■ SOURCE DATA ■
——

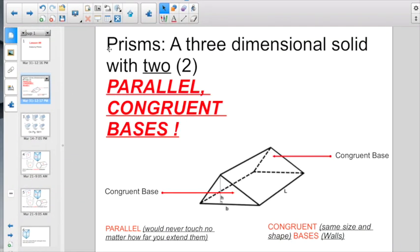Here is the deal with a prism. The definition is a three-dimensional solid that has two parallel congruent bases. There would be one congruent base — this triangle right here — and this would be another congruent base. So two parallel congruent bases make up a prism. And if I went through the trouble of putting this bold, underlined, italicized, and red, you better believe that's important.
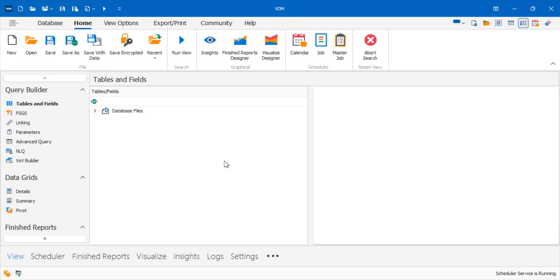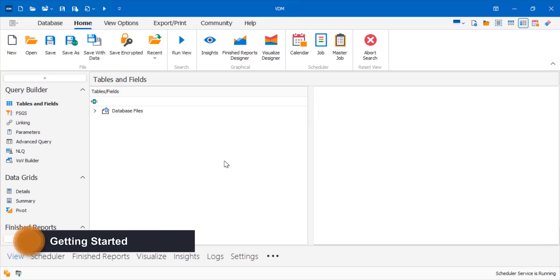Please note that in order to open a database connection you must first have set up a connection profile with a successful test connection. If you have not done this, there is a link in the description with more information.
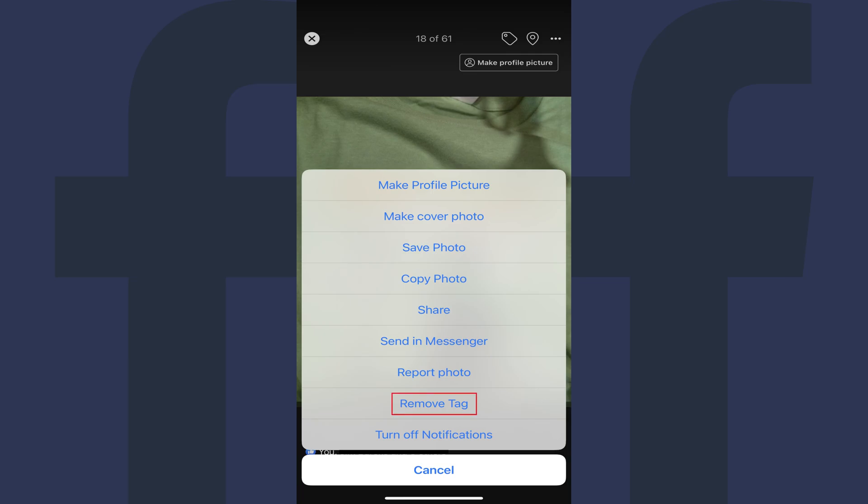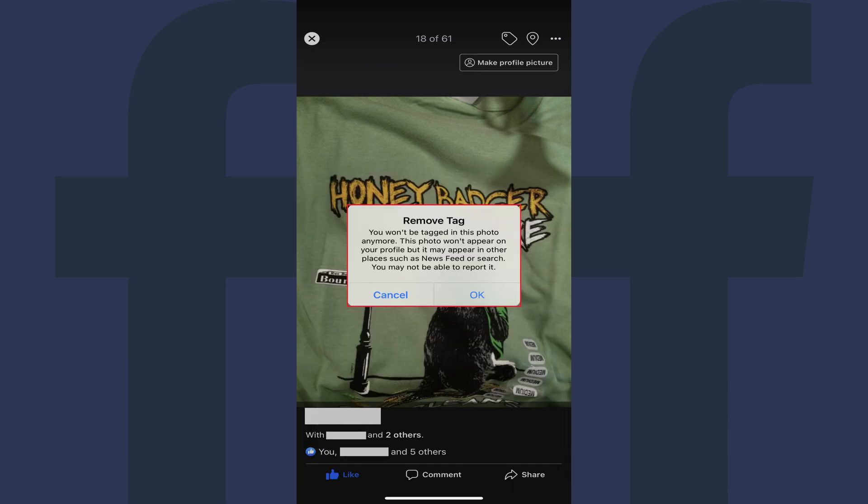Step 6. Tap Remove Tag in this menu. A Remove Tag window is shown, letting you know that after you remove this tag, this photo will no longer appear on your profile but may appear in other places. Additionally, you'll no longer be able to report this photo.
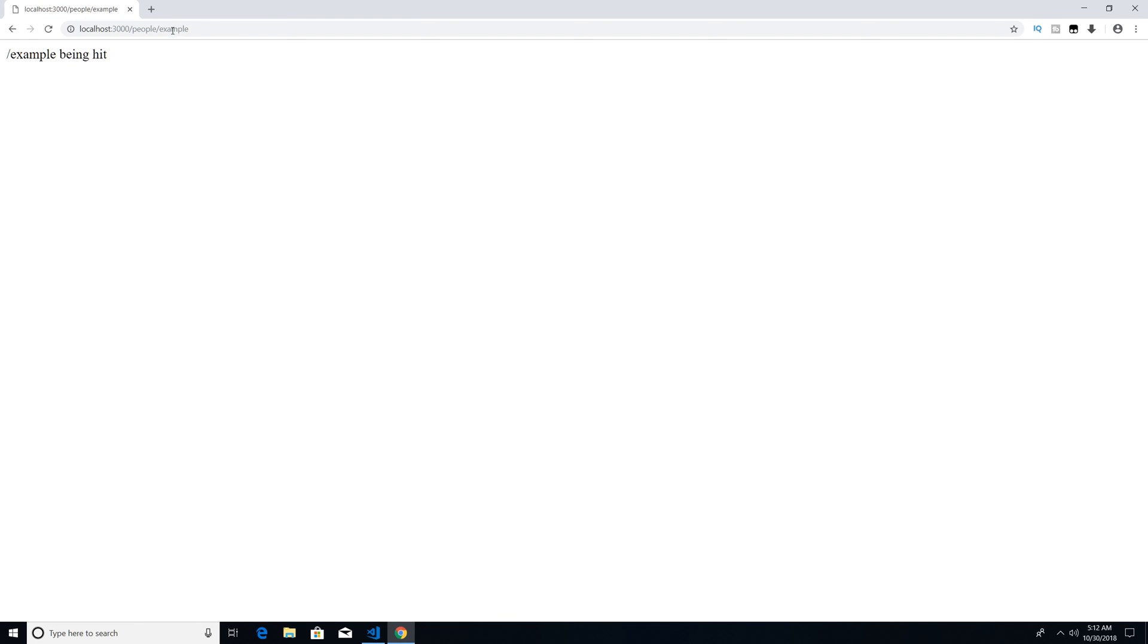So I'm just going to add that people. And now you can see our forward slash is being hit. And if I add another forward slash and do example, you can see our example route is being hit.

——

■ ASSIGNMENT ■
Emit the lines of the material exactly, from its first line to the line containing "Please note that", inclusive; leave every picture out.

■ FINISHED TASK ■
Here is the deal with a prism. The definition is a three-dimensional solid that has two parallel congruent bases. There would be one congruent base — this triangle right here — and this would be another congruent base. So two parallel congruent bases make up a prism. And if I went through the trouble of putting this bold, underlined, italicized, and red, you better believe that's important.
Please note that in order to open a database connection you must first have set up a connection profile with a successful test connection. If you have not done this, there is a link in the description with more information.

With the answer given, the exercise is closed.